Character encoding on Transactd

To handle the character code correctly, you need to specify the character code that is defined in the database and the one that is used in client program.

If you use Japanese in Transactd, MySQL/MariaDB variable character-set-server is must be one of utf8, utf8mb4 or cp932.

Character code kind in the database with Transactd

There are three character code kind in the database with Transactd.

  1. Character code of field value
  2. Character code of field names and table names
  3. Character code of meta-information other than the above 2 (ex: database names)

(1) Character code of field value

The Character code of field value can be confirmed by SHOW CREATE TABLE SQL statement. It also can be confirmed by fielddef::charsetIndex() with Transactd.

This is determined by the design of the table.

(2) Character code of field names and table names

This is the character code of the schema table for Transactd. It can be confirmed by tabledef::schemaCodePage. If you automatically generate a schema table, utf8 is used.

If you created the schema table on your own, it is any character code which was specified by tabledef::schemaCodePage.

(3) Character code of meta-information other than the above 2

The character code of meta-information other than (2) is utf8.

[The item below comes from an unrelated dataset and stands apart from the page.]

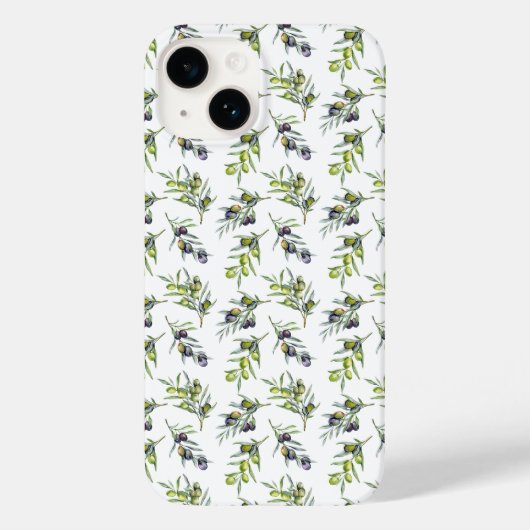 Sage Green Watercolor Olives Case-Mate iPhoneケース (裏面)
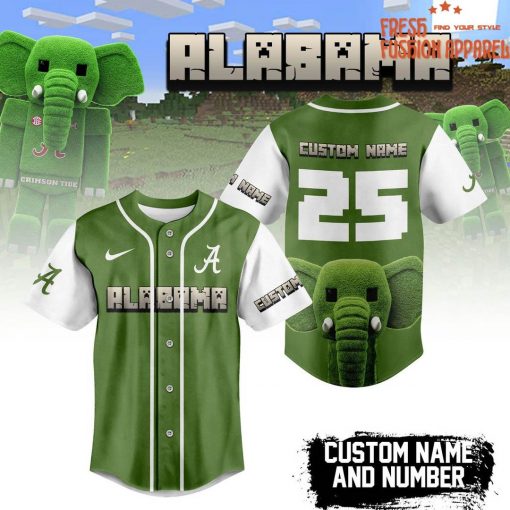 Alabama Crimson Tide x Minecraft Personalized Baseball Jersey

The default character code which is used by the client program

If the character code that is used in the client program is not known, Transactd API can not encode results correctly. To specify character code, use nsdatabase::setExecCodePage(unsigned int codepage).

The default value of it is CP_ACP on Windows, and CP_UTF8 on others.

In the UNICODE version of the library on Windows, the character code for the client program is fixed in utf16. The value specified in the nsdatabase::setExecCodePage will be ignored.

Using API

(1) get/set field value

The field value will be converted automatically from nsdatabase::execCodePage() to fielddef::charsetIndex(), or reverse of it. For example, data parameter in table::setFV(short index, const char* data) is it.

If the two character codes is same, conversion does not occur.

In the UNICODE version of the library on Windows, use the utf16. The field value will be converted automatically from utf16 to fielddef::charsetIndex(), or reverse of it.

(2) get/set field names and table names

The table names and field names will be searched or collated with value which is stored in the schema table for Transactd. For example, name parameter in table::setFV(const char* name, const char* data) is it.

If you generated schema table automatically, specify the string which has been encoded in utf8.

If you created the schema table on your own, you can specify any code page in tabledef::schemaCodePage(). In this case, use the string which has been encoded in the code page which has been specified with tabledef::schemaCodePage() for table names and field names.

In the UNICODE version of the library on Windows, use the utf16. The table names and field names will be converted automatically from utf16 to tabledef::schemaCodePage(), or reverse of it.

(3) get/set meta-information other than the above 2

Use utf8 for character code of meta-information other than field names and table names. Such as database names. For example, uri parameter in database::open() is it.

These information will be passed to MySQL/MariaDB internal functions through Transactd Plugin. These functions use utf8.

In the UNICODE version of the library on Windows, use the utf16. The field value will be converted automatically from utf16 to utf8, or reverse of it.

Easy settings on each environment

(a) C++ / PHP / Ruby on Linux, Mac OS X

(1) Write the program in utf8. nsdatabase::execCodePage() is utf8 by default. You do not have to specify it.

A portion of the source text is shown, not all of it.